Monday, October 10, 2016

A is for "Act"

Though, I'll admit that words are seriously powerful, hurting and uplifting, as the case may be, actions are what really tell us the truth about a person's intentions.

With that in mind, I can honestly admit that my words have been damaging and my actions have done nothing to improve the situation. And since January, when we stood on the precipice of divorce (for real), I've been mostly saying things and not backing them up. I've said I love him and that I'll do whatever it takes to keep our marriage in tact. 

Oh sure, I've read a lot of self-help books, but I haven't done a great job of applying anything. With me, it's all a matter of - "Just hang on and let me read up on this, process it, write about it, and then I'll get around to the perfect solution." And that may be, but for him, that system takes too long. 

I don't blame him. He has no idea how much "processing" I do, because nothing I process seems to ever come out in action that really impacts him.

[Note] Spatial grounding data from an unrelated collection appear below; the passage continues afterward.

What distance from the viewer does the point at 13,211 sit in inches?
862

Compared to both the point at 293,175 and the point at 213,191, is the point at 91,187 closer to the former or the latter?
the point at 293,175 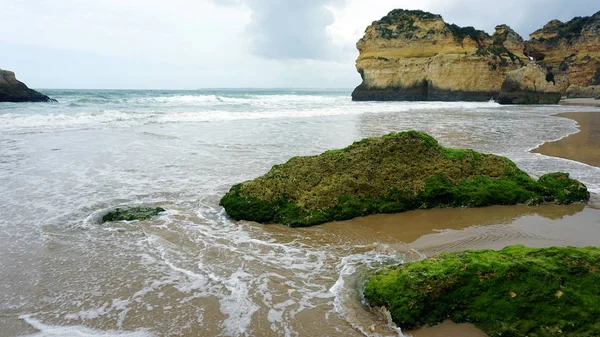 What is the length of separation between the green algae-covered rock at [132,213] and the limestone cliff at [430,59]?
44027 mm

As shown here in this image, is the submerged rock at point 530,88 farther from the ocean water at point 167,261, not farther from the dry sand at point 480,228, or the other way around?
the dry sand at point 480,228

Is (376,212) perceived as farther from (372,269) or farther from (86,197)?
(86,197)

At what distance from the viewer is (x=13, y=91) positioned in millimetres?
34938

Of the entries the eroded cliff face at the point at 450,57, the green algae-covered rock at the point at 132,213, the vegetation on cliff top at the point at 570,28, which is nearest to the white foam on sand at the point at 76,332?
the green algae-covered rock at the point at 132,213

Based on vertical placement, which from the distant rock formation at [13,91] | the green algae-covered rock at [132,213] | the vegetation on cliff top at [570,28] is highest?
the vegetation on cliff top at [570,28]

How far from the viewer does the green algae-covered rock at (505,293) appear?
2.93 m

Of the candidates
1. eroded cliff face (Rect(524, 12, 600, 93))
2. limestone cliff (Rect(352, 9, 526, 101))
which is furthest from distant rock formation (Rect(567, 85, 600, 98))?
limestone cliff (Rect(352, 9, 526, 101))

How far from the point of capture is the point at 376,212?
227 inches

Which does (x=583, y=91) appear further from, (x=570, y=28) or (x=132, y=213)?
(x=132, y=213)

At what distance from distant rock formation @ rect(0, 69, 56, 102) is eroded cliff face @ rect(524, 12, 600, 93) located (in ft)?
175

His biggest unhappiness in our relationship is our sex life. I'm not saying women don't need to feel desired, because they do...but I know for most men, it's imperative. Being desired gives him strength. And our sex life, when it's good, connects him to me in a way that nothing else does. It makes him happy. "Physical touch" and "words of affirmation" are his love languages. And so those are the languages I must use if I'm ever going to reach him. I need to stop trying to reach him in the ways I wish he'd try to reach me. 

It's not as if I never touch him...because I do - all the time. I love him. And I touch him as if I love him. I also tell him I love him. The problem is...he already knows that, and while it's nice to feel and nice to hear, it isn't what he needs most right now. What he needs it to feel wanted. 

So that has to be the focus. Even if it's not the focus for me, it has to become the focus. And I have to show it...not say it.